DP13591 Corporate Pension Plan Funding Levels and Pension Assumptions
|Author(s):||Alexander Michaelides, Andreas Milidonis, Panayiotis Papakyriakou|
|Publication Date:||March 2019|
|Keyword(s):||Defined benefit pension plans, EROA, pension assumptions, underfunded|
|JEL(s):||G11, G32, J32|
|Programme Areas:||Financial Economics|
|Link to this Page:||cepr.org/active/publications/discussion_papers/dp.php?dpno=13591|
We use a difference-in-differences approach to examine the causal impact of the funding ratios of U.S. corporate defined benefit (DB) pension plans on the assumption of expected return on pension assets (EROA). To make the causal case, we use the 2008 global financial crisis as an exogenous shock to the funding ratio of DB pension plans, and the simultaneous implementation of the Pension Protection Act, which emphasized the accountability of underfunded pension plans.

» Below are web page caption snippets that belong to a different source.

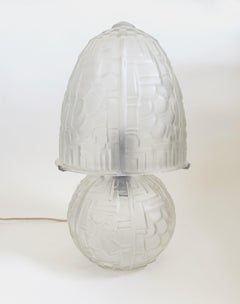 French Art Deco Frosted Glass Table Lamp by Verlys, Normandy, 1930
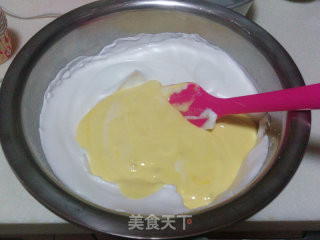 【梅花裱花蛋糕】的做法步骤：11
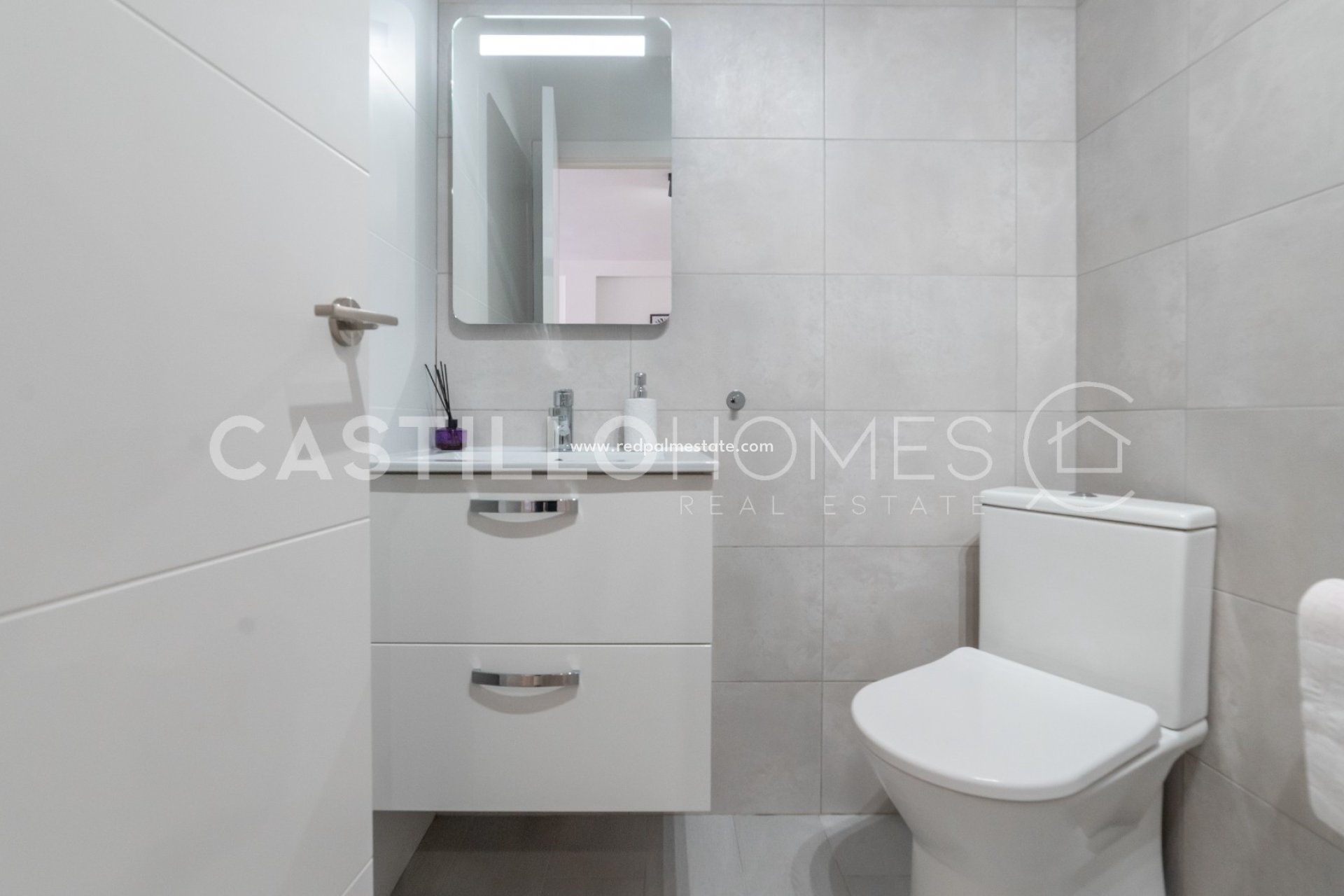 Revente - Appartement -
Torrevieja - Playa del Cura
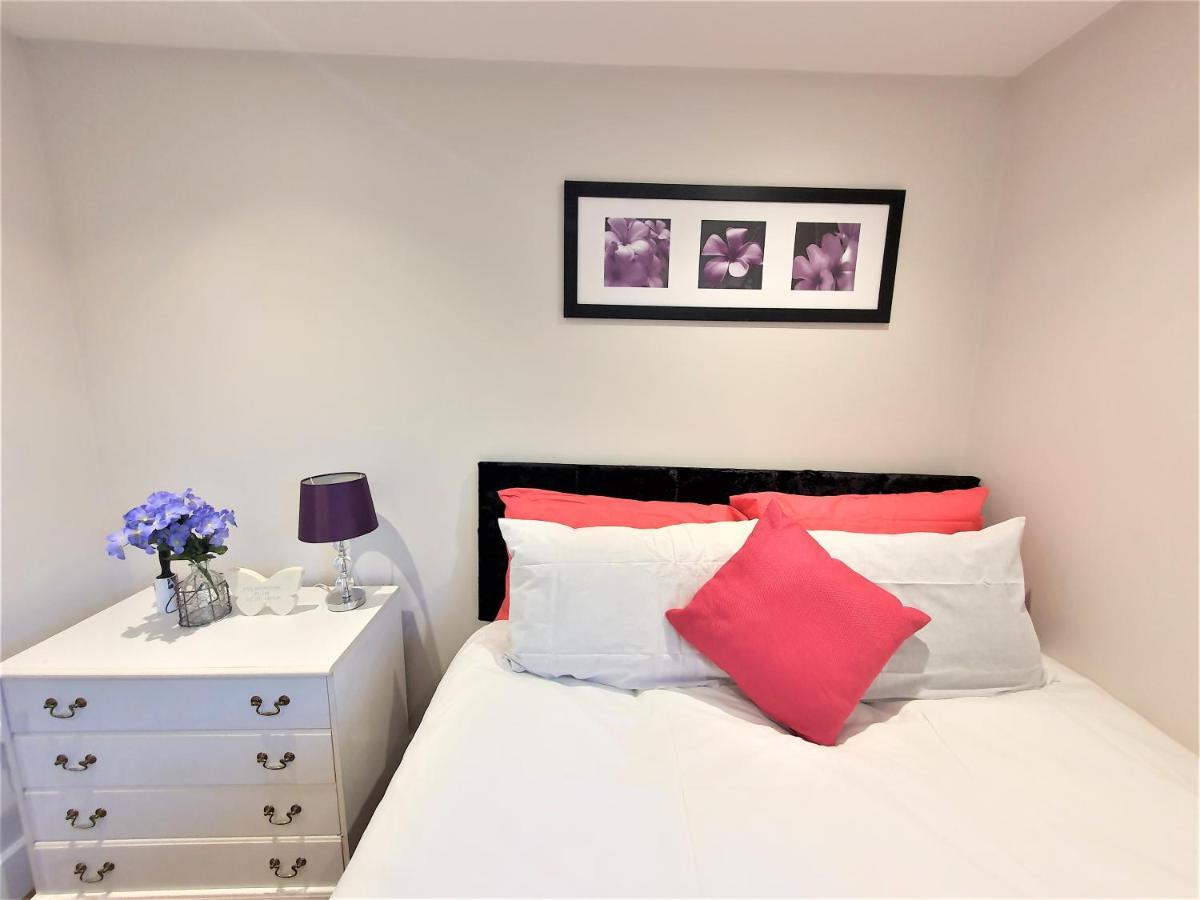Spacious Contractor House For Large Groups- Up To 4 Private Parking By Ideyfine Apartment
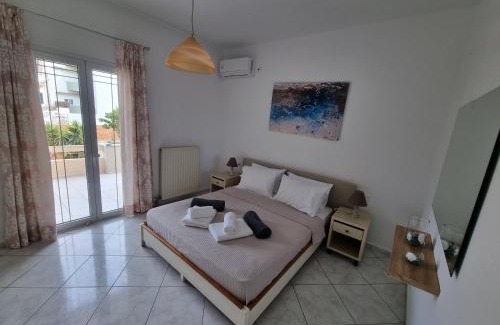 Gournai House | The Sunny Terrace House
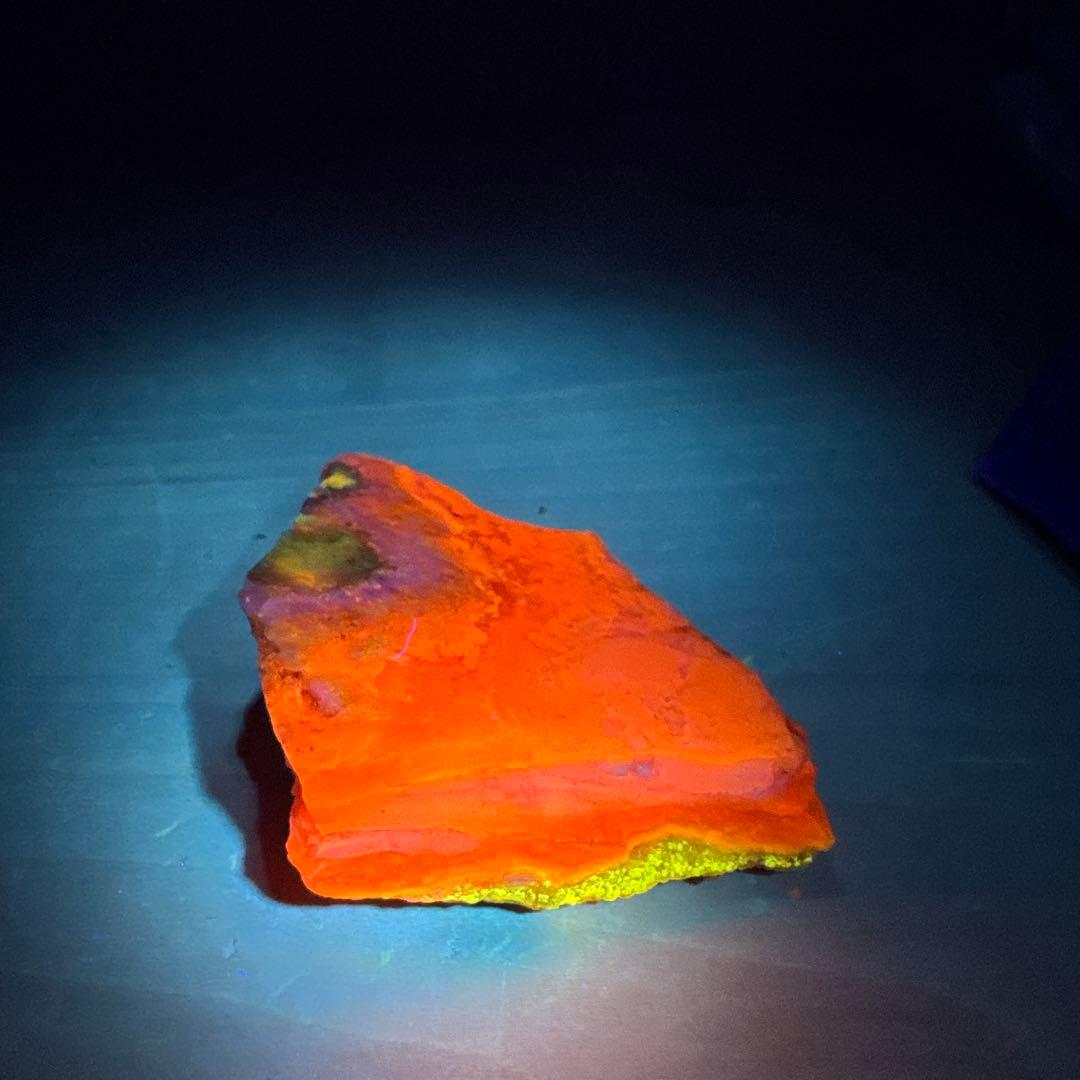 【クルミ様ご検討品】北海道石　然別オパール　蛍光オパール84ｇ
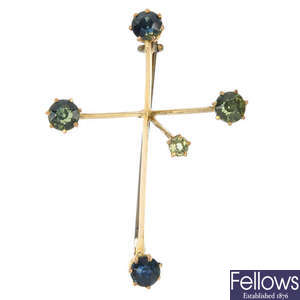 An early 20th century 15ct gold gem-set cross brooch and a pair of cufflinks.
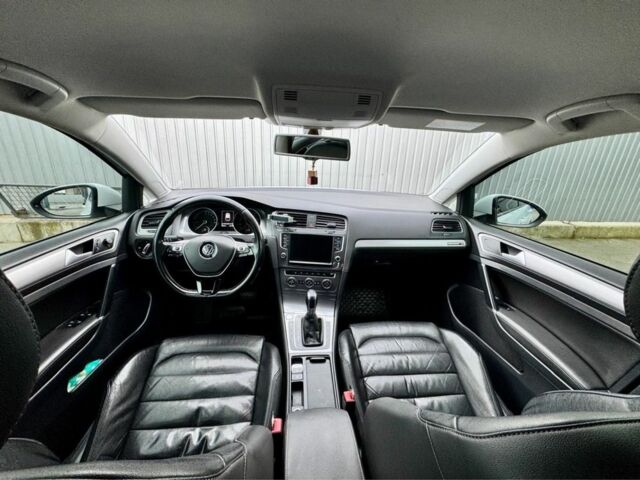 Белый Фольксваген Гольф, объемом двигателя 0 л и пробегом 195 тыс. км за 7700 $, фото 7 на Automoto.ua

We find that DB pension plans making the transition from fully funded to underfunded status over this period significantly revise their EROA assumption upward. The upward revisions in EROA are economically significant and generate obligation-reducing outcomes for corporate plans sponsors: a switch from fully funded to underfunded status generates at least a 40 (and up to a 80) basis point increase in EROA, which, in turn, corresponds to an average annual reduction in pension contributions of $6 (to $11) million.